(Pictures with short captions)
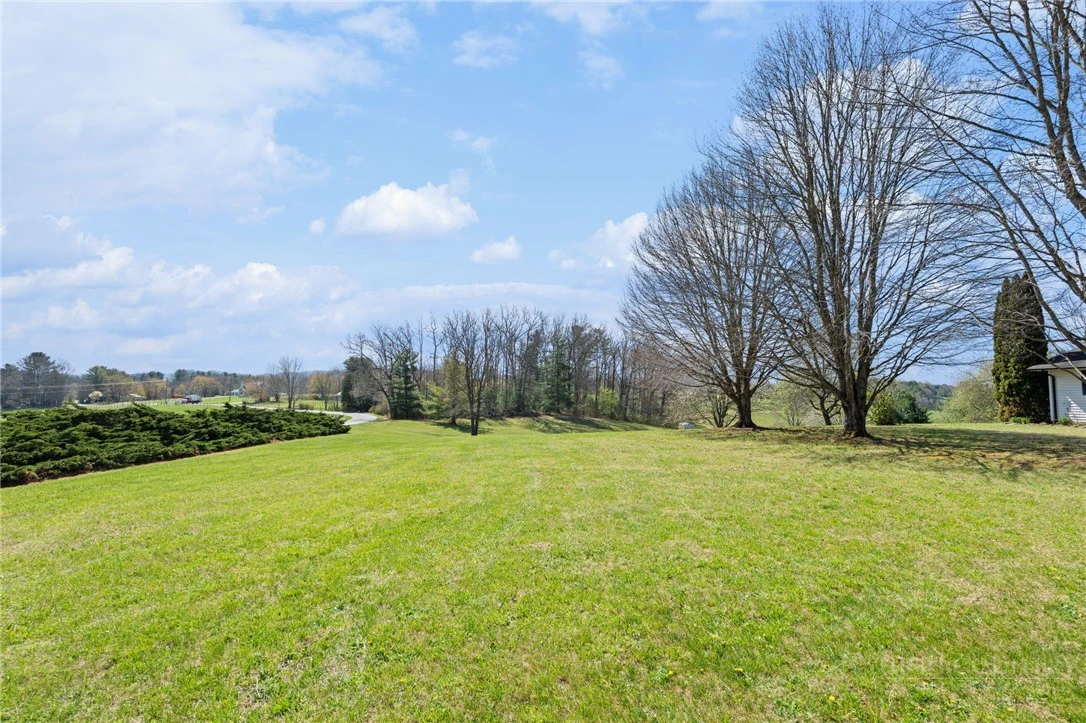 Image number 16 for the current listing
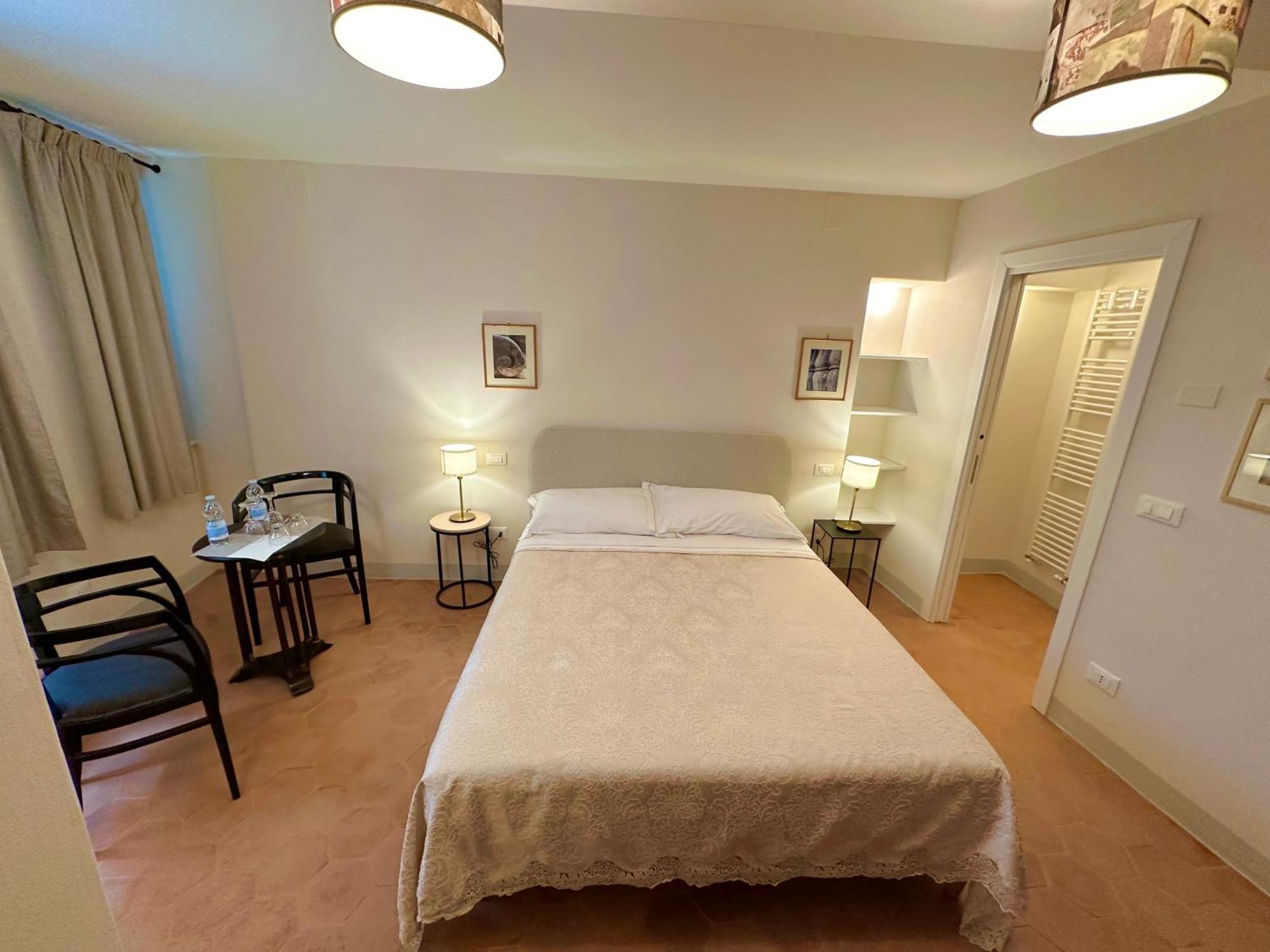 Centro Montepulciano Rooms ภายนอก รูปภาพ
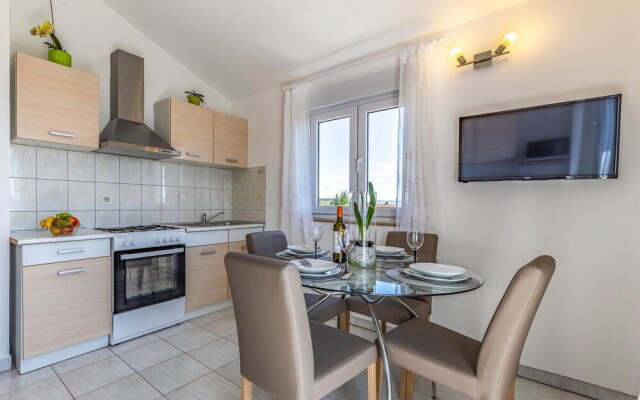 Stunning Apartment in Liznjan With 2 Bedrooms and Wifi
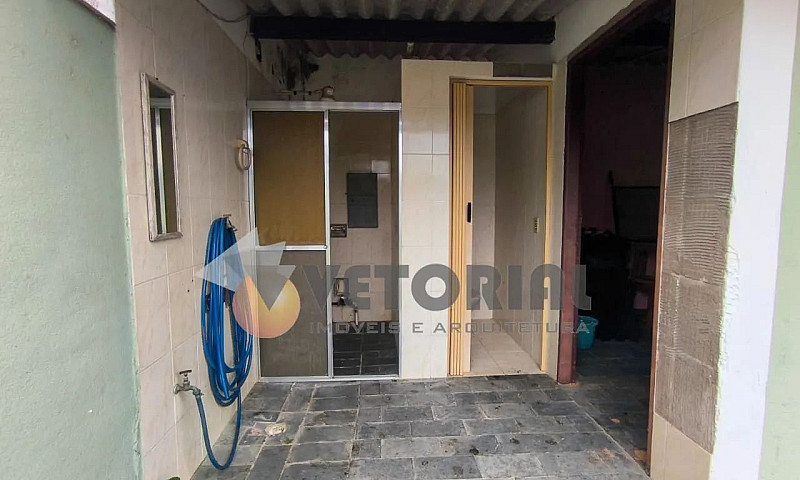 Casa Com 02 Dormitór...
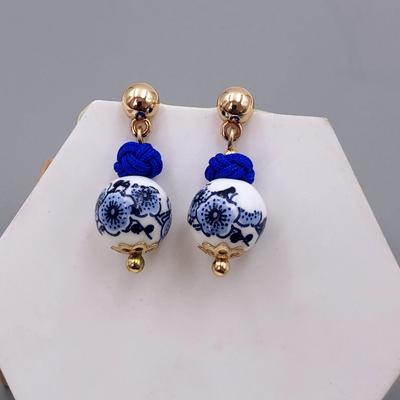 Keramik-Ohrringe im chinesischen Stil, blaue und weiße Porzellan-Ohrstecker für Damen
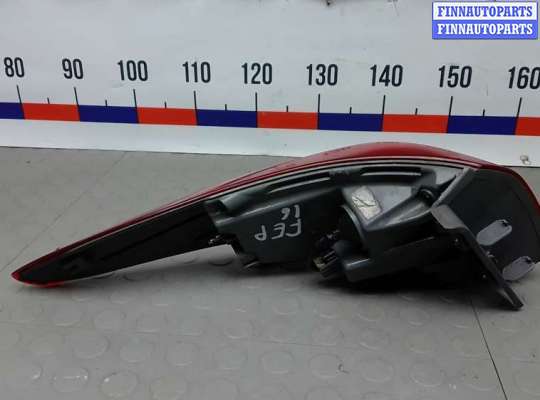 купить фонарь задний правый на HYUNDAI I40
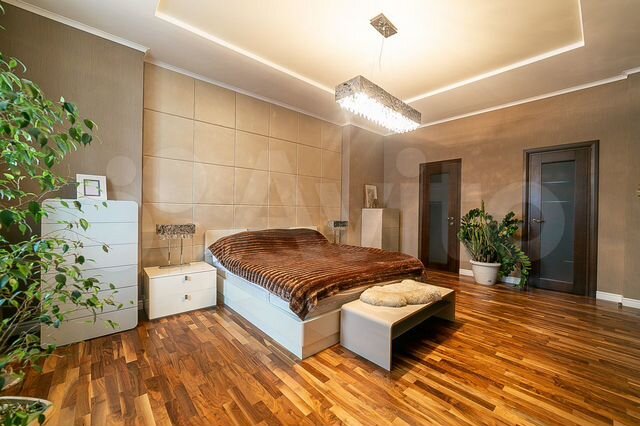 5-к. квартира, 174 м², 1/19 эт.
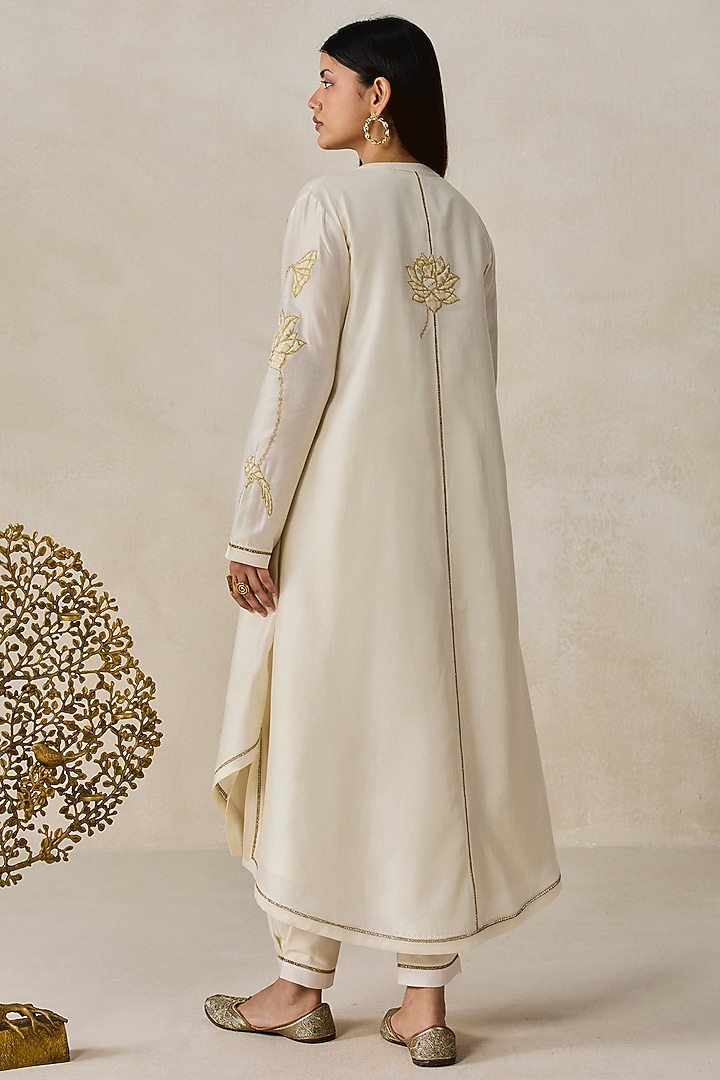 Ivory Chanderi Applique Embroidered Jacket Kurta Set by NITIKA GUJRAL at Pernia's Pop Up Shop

PROBLEM DESCRIPTION:
Set each line of the records down again exactly as it reads. Omit the pictures.

SOLUTION FOR THIS EXERCISE:
 Image number 16 for the current listing
 Centro Montepulciano Rooms ภายนอก รูปภาพ
 Stunning Apartment in Liznjan With 2 Bedrooms and Wifi
 Casa Com 02 Dormitór...
 Keramik-Ohrringe im chinesischen Stil, blaue und weiße Porzellan-Ohrstecker für Damen
 купить фонарь задний правый на HYUNDAI I40
 5-к. квартира, 174 м², 1/19 эт.
 Ivory Chanderi Applique Embroidered Jacket Kurta Set by NITIKA GUJRAL at Pernia's Pop Up Shop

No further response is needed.